• **AIM OF THE TASK**
Repeat only the lines below that run from the line with "改善腎功能 飲食 改善腎功能 飲食" to the line with "Tracoma é considerado", ends included; skip every picture.

• **DATA SUPPLIED**
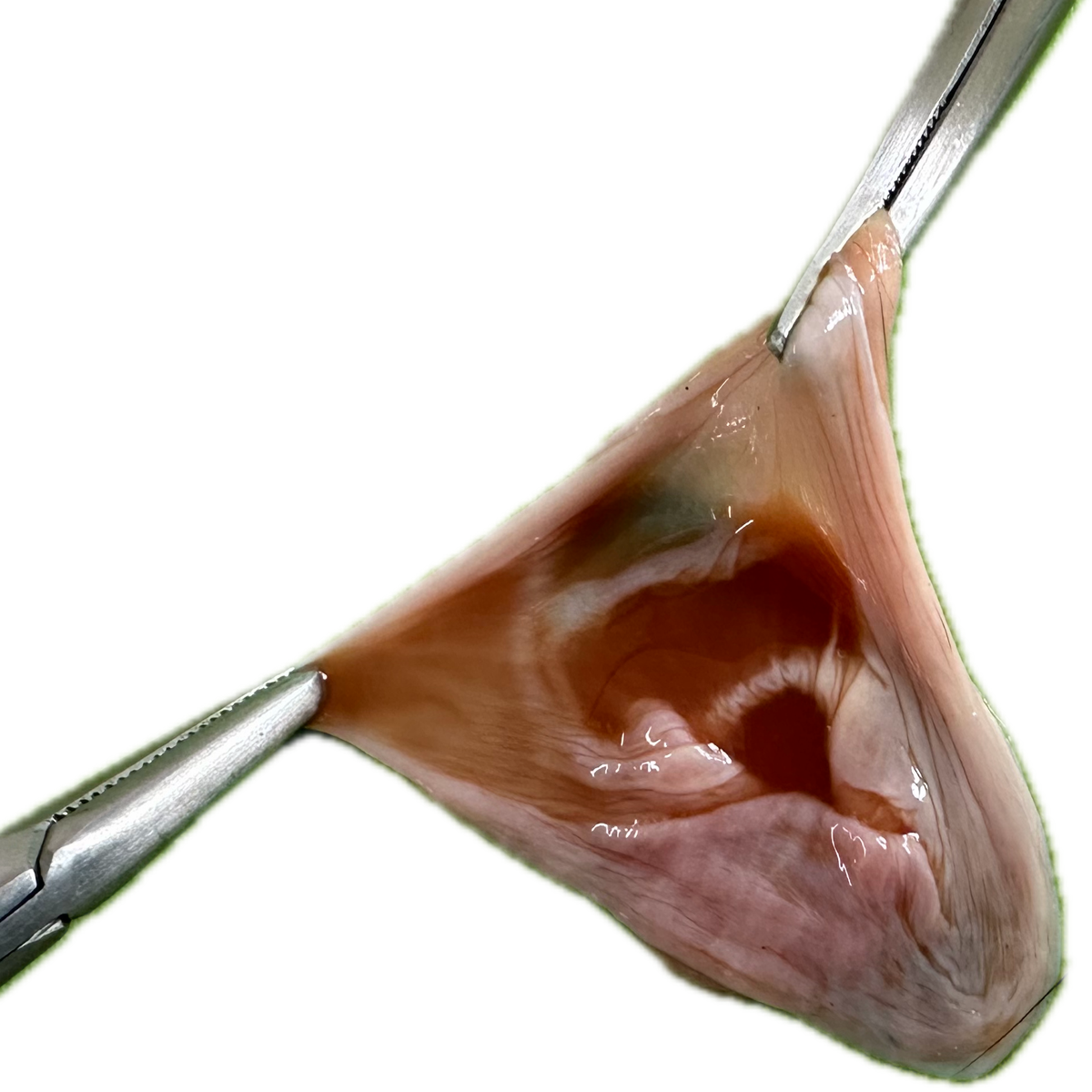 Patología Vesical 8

* * *

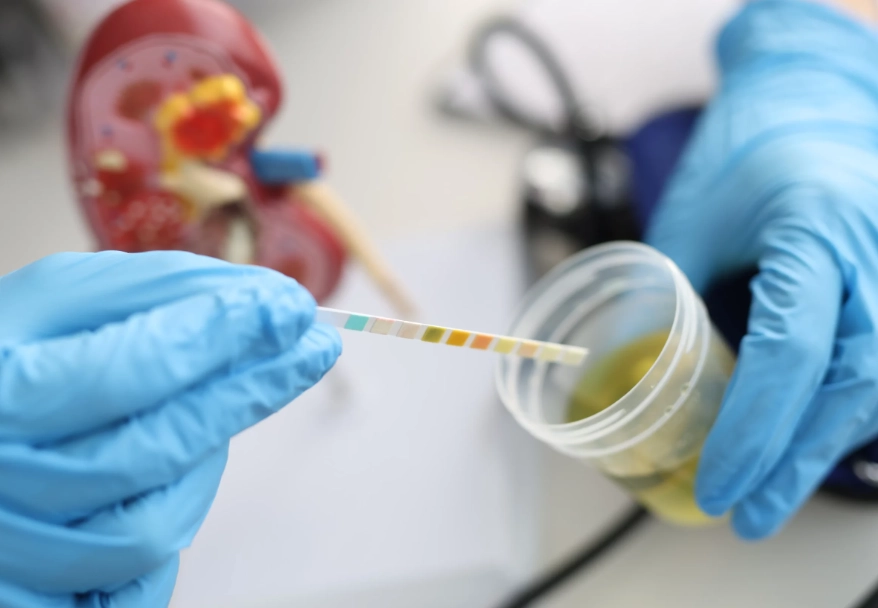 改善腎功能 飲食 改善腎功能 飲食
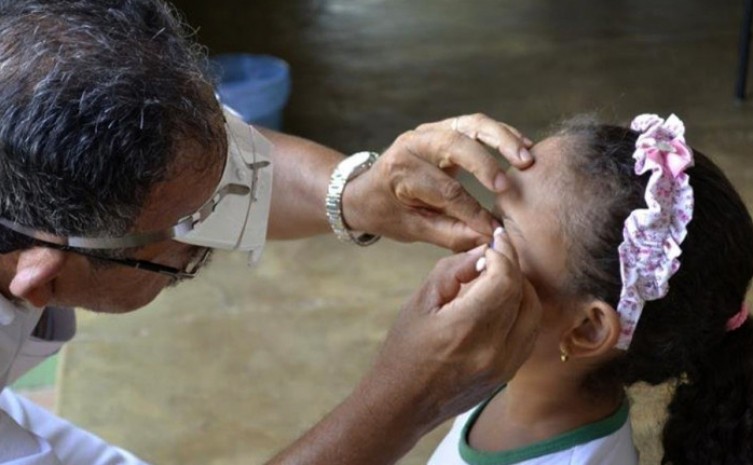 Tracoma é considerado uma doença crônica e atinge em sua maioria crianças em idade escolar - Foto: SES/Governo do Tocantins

• **EXPECTED ANSWER**
 改善腎功能 飲食 改善腎功能 飲食
 Tracoma é considerado uma doença crônica e atinge em sua maioria crianças em idade escolar - Foto: SES/Governo do Tocantins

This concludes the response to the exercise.